Part of the point of magic is that the mechanism is not rigorous: if it was then it would be physics, or just a political or commercial interaction with the demon.
But as a general theme, the idea seems to be either that certain energies or entities are attracted to certain words/signs/substances/etc (by some form of sympathy), or else that certain states of mind allow the practitioner to perceive or interact with a world they normally cannot.
Converted to mathematical form, it could be that there's some etheric substance that is pushed around by mathematical symbols, and that a proof of a theorem pushes that substance into a mechanism that then is able to do whatever it takes to pierce the veil. So, proving Fermat's Last Theorem is like building the machine in Sagan's Contact except that you're not building it out of material substance, you're building it out of some magical hand-wavey stuff that exists locally, and responds to local stimulus, but then is capable of a distant effect. In that case, a written proof might be a permanent magical doohickey provided that the symbols continue to hold the machine in shape. You still have to explain how the energy "knows" that the symbol "2" means the number that comes after the number represented by the symbol "1", but perhaps what matters is the structure of the patterns/relationships among symbols, and this explains why the actual symbols used are irrelevant.
Alternatively, it might be that humans happen to be innately equipped with some faculty that draws the attention of demons, but that we're unable to use that faculty except when guided into a series of very specific mental states/visualisations, corresponding to the steps of a proof.
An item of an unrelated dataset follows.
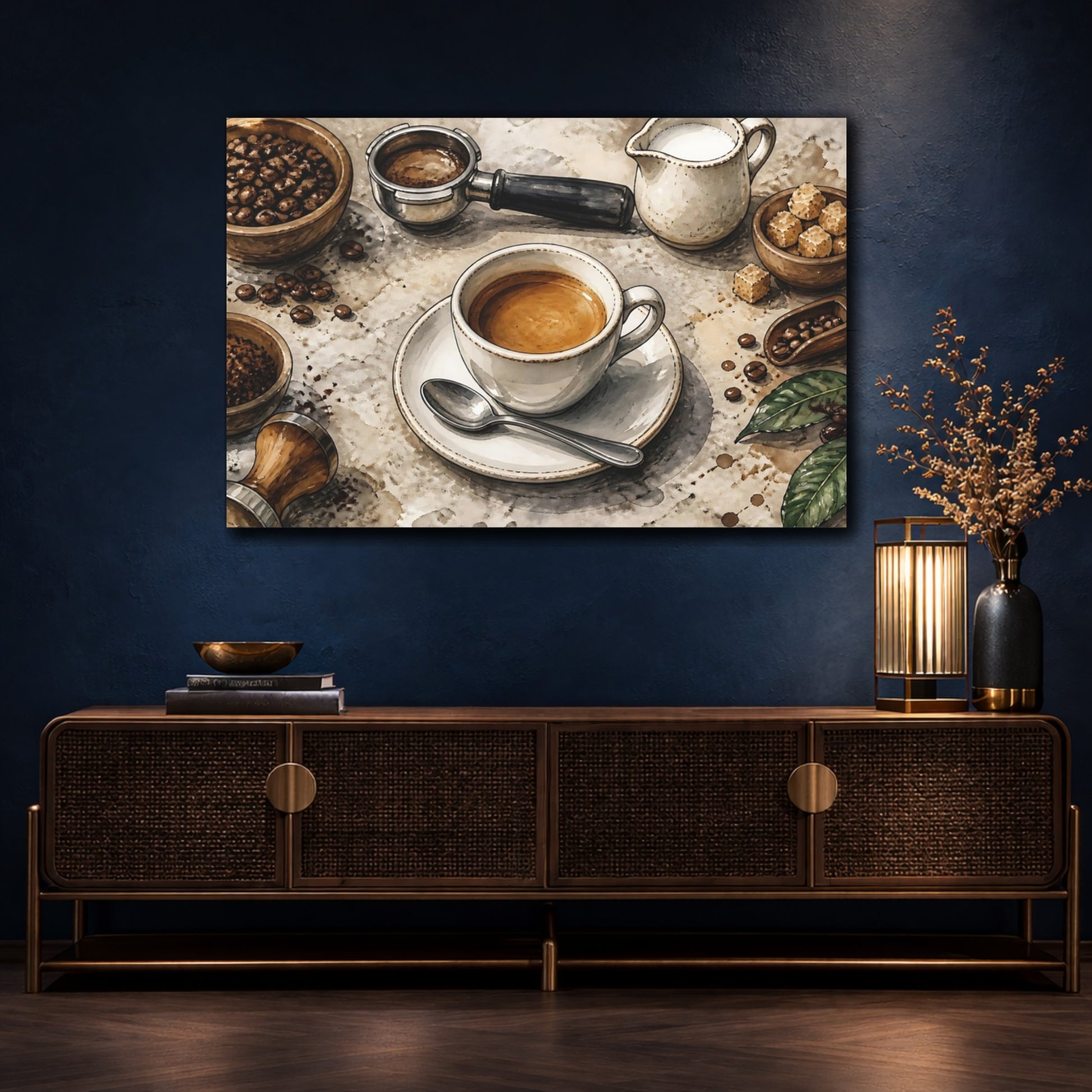 Mockup 4. Bistro Espresso Still Life shown as canvas print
In that case, a written proof in a book is nothing, but when someone reads it and it has its intended effect on them (of understanding the proof that it represents) then the magic happens and they start dreaming of unknown Kadath. The proof itself is no more or less magical than the mental exercises used by a Zen archer to shoot a bow, (and vice-versa the shooting exercises used to achieve mental and spiritual development). It's just that in the case of demon-summoning humans are actually so awful at it without the exercises as to be incapable.
Or in a broader sense of the law of sympathy, perhaps there is some entity that definitionally is (or has some direct connection with) the platonic ideal of the number 2. Wherever things appear in pairs, or whenever someone thinks about the mathematical properties of the number 2, there that entity is, just as we might say that Thor exists wherever thunder does, or that silver is connected with the powers/associations of the Moon, or that God is omnipresent. Naturally then demons respond to mathematics: to do mathematics is to touch a part of their multi-dimensional self. It's then up to you whether the demon summoned is the demon of Fermat's Last Theorem specifically, or whether the general fuss and commotion caused in the region of the platonic universe corresponding to the intersection between "elliptic curves" and "modular forms", by proving the Taniyama-Shimura conjecture, is what attracts other demons.
As for the rigorous details of why there is a law of sympathy at all, or what causes there to be a God of Thunder or a demon of Banach-Tarski dissections, or how the force is mediated by which symbols to build etheric machines, or by what mechanism humans have an innate capacity to summon demons or shoot bows: those may have to remain as irreducible principles of your in-fiction theory of magic. No doubt you can drill into some of them by introducing further concepts that dictate them.